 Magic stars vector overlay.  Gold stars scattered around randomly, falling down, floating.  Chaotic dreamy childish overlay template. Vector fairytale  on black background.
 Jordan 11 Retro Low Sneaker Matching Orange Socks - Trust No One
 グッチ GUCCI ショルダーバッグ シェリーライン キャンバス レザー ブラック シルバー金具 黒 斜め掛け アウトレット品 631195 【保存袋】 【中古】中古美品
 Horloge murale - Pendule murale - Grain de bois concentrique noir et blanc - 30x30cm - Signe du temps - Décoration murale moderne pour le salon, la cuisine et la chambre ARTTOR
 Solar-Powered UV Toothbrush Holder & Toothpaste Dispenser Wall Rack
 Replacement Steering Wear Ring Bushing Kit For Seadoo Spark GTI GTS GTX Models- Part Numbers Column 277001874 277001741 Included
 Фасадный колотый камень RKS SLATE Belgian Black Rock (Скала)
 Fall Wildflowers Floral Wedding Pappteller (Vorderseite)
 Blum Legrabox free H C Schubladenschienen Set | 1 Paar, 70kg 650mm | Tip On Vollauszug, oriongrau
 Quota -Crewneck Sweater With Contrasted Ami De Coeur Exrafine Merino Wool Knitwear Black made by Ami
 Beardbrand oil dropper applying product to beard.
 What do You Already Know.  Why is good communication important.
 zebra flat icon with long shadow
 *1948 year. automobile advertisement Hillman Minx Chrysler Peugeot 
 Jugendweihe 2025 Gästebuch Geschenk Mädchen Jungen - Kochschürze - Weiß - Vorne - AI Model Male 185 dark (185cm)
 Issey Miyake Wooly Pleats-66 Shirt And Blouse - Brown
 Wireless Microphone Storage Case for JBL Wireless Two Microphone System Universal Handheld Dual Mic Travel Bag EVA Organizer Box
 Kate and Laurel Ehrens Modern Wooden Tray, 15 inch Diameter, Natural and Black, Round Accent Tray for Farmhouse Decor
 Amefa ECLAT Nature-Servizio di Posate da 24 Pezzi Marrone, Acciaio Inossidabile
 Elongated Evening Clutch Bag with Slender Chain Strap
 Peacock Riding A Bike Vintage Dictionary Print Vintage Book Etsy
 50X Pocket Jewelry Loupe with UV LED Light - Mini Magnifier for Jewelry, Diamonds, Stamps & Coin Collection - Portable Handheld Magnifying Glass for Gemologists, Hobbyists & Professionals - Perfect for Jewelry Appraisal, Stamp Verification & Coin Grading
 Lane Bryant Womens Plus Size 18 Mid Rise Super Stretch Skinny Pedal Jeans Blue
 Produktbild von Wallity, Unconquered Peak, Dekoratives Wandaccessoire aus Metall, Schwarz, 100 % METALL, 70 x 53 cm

# [To do]
Starting with the first line of the entries, transcribe every line up to and including the one with "Replacement Steering Wear".

# [Answer box]
 Magic stars vector overlay.  Gold stars scattered around randomly, falling down, floating.  Chaotic dreamy childish overlay template. Vector fairytale  on black background.
 Jordan 11 Retro Low Sneaker Matching Orange Socks - Trust No One
 グッチ GUCCI ショルダーバッグ シェリーライン キャンバス レザー ブラック シルバー金具 黒 斜め掛け アウトレット品 631195 【保存袋】 【中古】中古美品
 Horloge murale - Pendule murale - Grain de bois concentrique noir et blanc - 30x30cm - Signe du temps - Décoration murale moderne pour le salon, la cuisine et la chambre ARTTOR
 Solar-Powered UV Toothbrush Holder & Toothpaste Dispenser Wall Rack
 Replacement Steering Wear Ring Bushing Kit For Seadoo Spark GTI GTS GTX Models- Part Numbers Column 277001874 277001741 Included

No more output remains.